The Los Angeles City Council has voted to ban the creation of new oil ad gas wells and to phase out existing well over the next five years.
Council members Nury Martinez and Paul Krekorian proposed the measure in December of 2020. The county ultimately wants to transition away from fossil fuels out of concerns over climate change.
“Today, we are reinforcing our commitment to environmental justice,” said Martinez at a press conference on Jan. 26.
“For far too long, neighborhood drilling has disproportionally affected the health of our low-income communities of color,” Martinez said. “From freeways to power plants, our frontline communities bear the brunt of pollution and climate impacts.”
“The region includes one of the largest urban oil fields in the country, with more than 5,000 active wells in LA County and more than 1,000 active or idle wells within city limits,” reports CNBC. “More than half a million people in LA live within a quarter-mile of active wells that release air pollutants like benzene, hydrogen sulfide, particulate matter and formaldehyde, and the pollution disproportionately affects Black and Latino residents.”
The city attorney will not be tasked with drafting an ordinance that prohibits drilling for oil in Los Angeles and will change the zoning laws to make drilling illegal. The city attorney is also required to study how to legally phase out existing wells.

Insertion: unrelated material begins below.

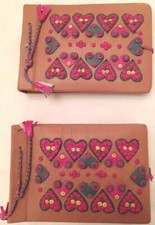 Album cuir de Cordoue pour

The city council moved to create a job program for oil and gas workers who will lose their source of employment because of the new ordinance. The program will help them transition to a new industry.
Measures to restrict oil and gas production in the state have already been established. Culver City and other unincorporated parts of Las Angeles County have passed similar measures. California has also considered legislation that would ban new oil and gas wells within 3,200 feet of schools, residential buildings, or hospitals.
Oil and gas industry experts have opposed the measures. They site the loss of jobs in the region, possible increase in gas prices, and excessive dependency on foreign oil.